Our body-mind is designed to filter out sensations and pass through the ones it has “decided” are the most important. Alas, most of the louder sensations are about survival and can evoke fear, uncertainty, and doubt.
When we we take a powerful pause and ask, “What am I noticing?” …we’re inviting a broader not-just-survival perspective.
What am I noticing in my body? My limbs? My lower body? My gut? My heart? And yes, my head, too?
What emotions am I feeling in the parts of my body that I’m noticing?
Am I noticing conflict… congruence… heaviness… or lightness? How is my inner world interacting with what is outside of me in the environment?
What’s my current state of being?
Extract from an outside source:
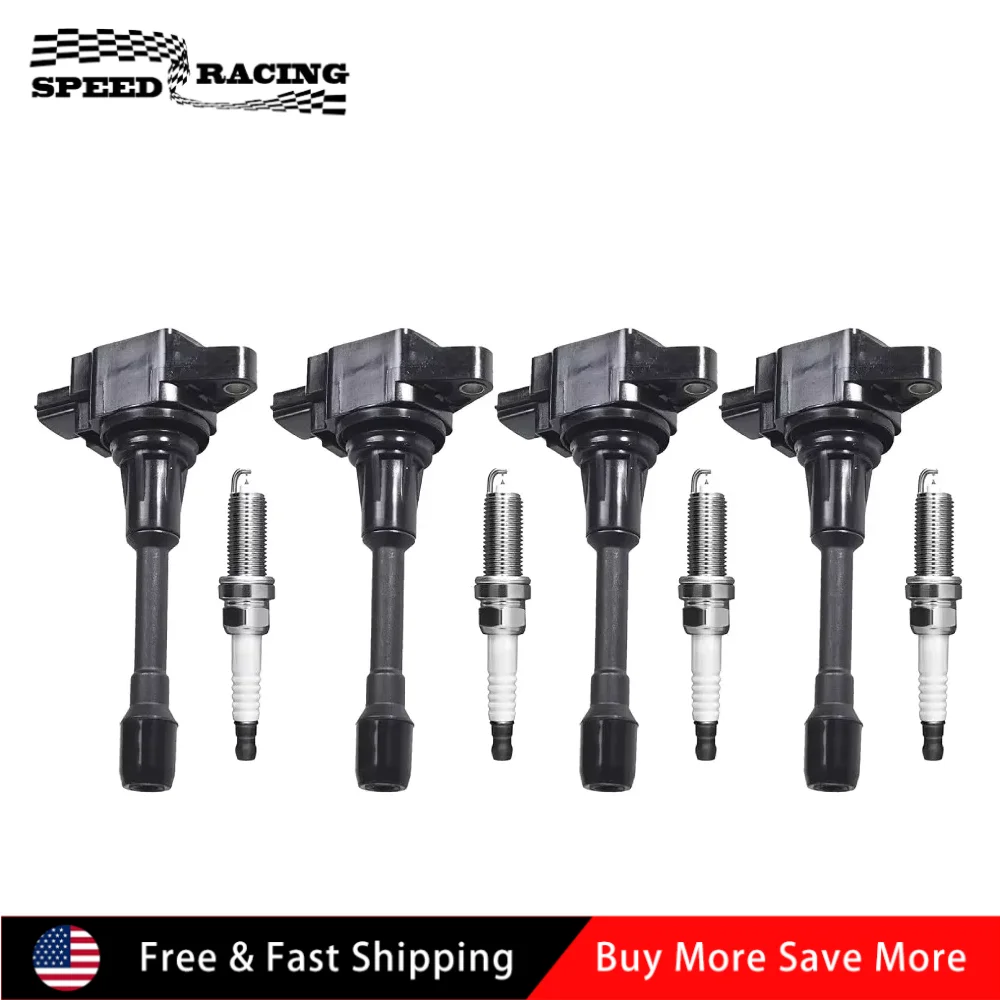 

22448ED000 22448JA00A 22448JA00C 4 шт. катушка зажигания и 4 шт. комплект иридиевых свечей зажигания для Sentra 1.6L Rogue 2.0L черный 2017-2019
Do I need to shift before I am able to discern this from other perspectives?
Noticing with the intention to enhance our discernment helps us to travel within our body’s guidance system. We get to feel and interpret intuitive impulses that are much quieter and more subtle than noisy fears and doubts. A useful portal into this exploration can simply be to say to yourself… Hmmmm… what am I noticing here? And what else?
Our primitive brain cares about survival, not thriving. Discerning when the primitive brain is activated and driving our behavior (and the behavior of others) is a core skill.
But how do we know?
Well, do we want to run and hide? That’s the flight part of the primitive brain.
Are we feeling defensive? Arguing? Attacking? Aggressive and righteous? Well, that’s the fight reflex.
Are we checking out, going numb, turning on the TV or zoning out with social media? Is there a helpless feeling or even an inability to act or move? That’s the freeze response.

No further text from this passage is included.